--- Provided material Enclosed Below ---

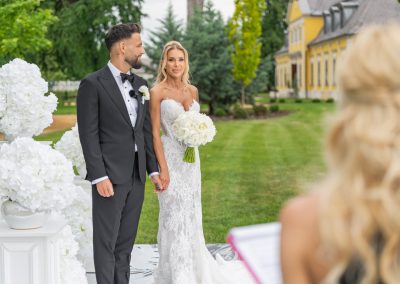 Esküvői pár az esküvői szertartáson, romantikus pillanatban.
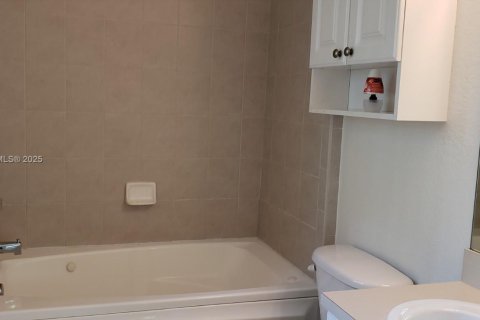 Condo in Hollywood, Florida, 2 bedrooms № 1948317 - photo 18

--- End of Enclosed Provided material ---
--- Provided material Enclosed Below ---

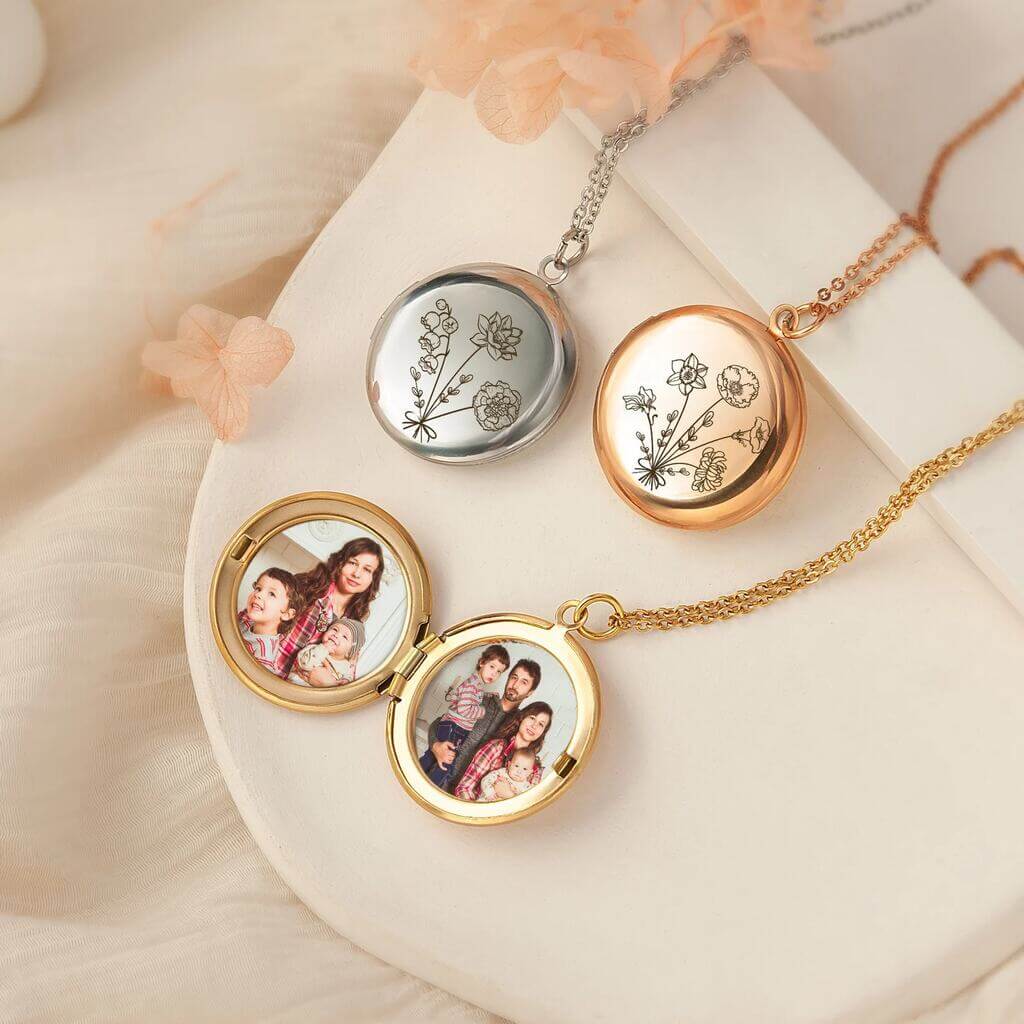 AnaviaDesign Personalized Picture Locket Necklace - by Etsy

--- End of Enclosed Provided material ---

→ Work order
Both boundary lines included, write out word for word only the lines above from the one containing "Esküvői pár az" to the one containing "Condo in Hollywood, Florida, 2", leaving out any pictures.

→ Solved exercise
 Esküvői pár az esküvői szertartáson, romantikus pillanatban.
 Condo in Hollywood, Florida, 2 bedrooms № 1948317 - photo 18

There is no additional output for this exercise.